WHAT NEEDS TO BE DONE. Give back an exact copy of the entries beneath, minus the pictures.

========================================

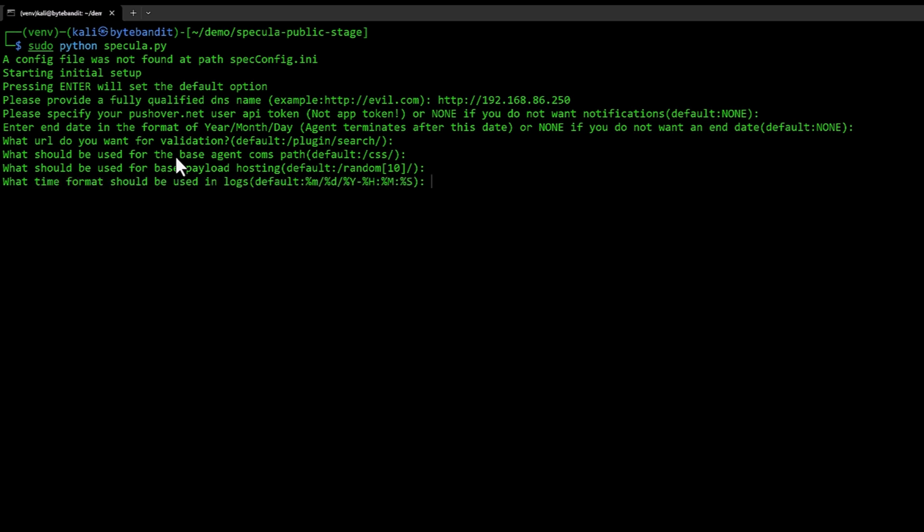In terms of logging, some people prefer one format over other time formats, but I'm going to leave it at default. You can specify however you want.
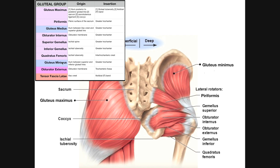In the previous video, we talked extensively about the three major gluteal muscles — the ones that share the name gluteus: gluteus maximus, gluteus medius, and gluteus minimus. But we have several other muscles in the gluteal area, and they are the deep gluteal muscles.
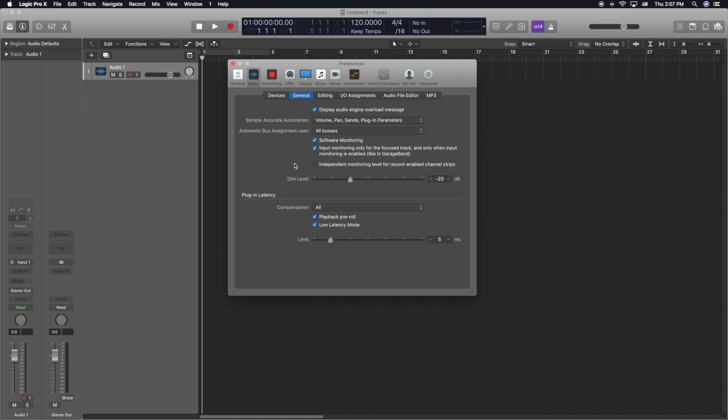Also another thing to keep in mind, the computer you use is an important part on you know recording and making sure that you don't have any latency. For instance my computer is an Intel Core i7 and I have 32 gigabytes of RAM so that's plenty of processing power in order for my computer to handle not only plugins, libraries, and also record on top of it.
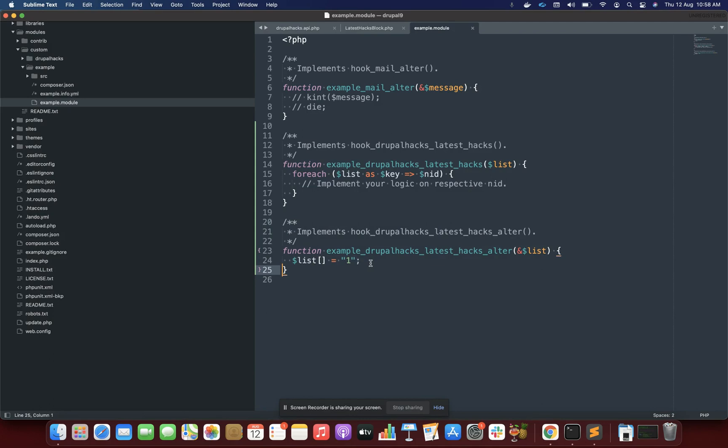And that is how you create custom hooks in Drupal. Thank you.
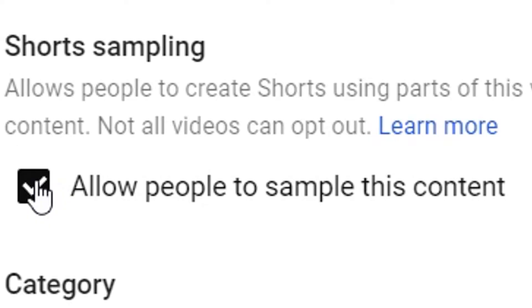If, like me and everyone else I've spoken to about this, you don't want to automatically grant consent for people to essentially steal your content, you'll have to go into YouTube Studio and manually deselect it. It's yet another thing we have to do each time we upload a video.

========================================

YOUR RESPONSE.
In terms of logging, some people prefer one format over other time formats, but I'm going to leave it at default. You can specify however you want.
In the previous video, we talked extensively about the three major gluteal muscles — the ones that share the name gluteus: gluteus maximus, gluteus medius, and gluteus minimus. But we have several other muscles in the gluteal area, and they are the deep gluteal muscles.
Also another thing to keep in mind, the computer you use is an important part on you know recording and making sure that you don't have any latency. For instance my computer is an Intel Core i7 and I have 32 gigabytes of RAM so that's plenty of processing power in order for my computer to handle not only plugins, libraries, and also record on top of it.
And that is how you create custom hooks in Drupal. Thank you.
If, like me and everyone else I've spoken to about this, you don't want to automatically grant consent for people to essentially steal your content, you'll have to go into YouTube Studio and manually deselect it. It's yet another thing we have to do each time we upload a video.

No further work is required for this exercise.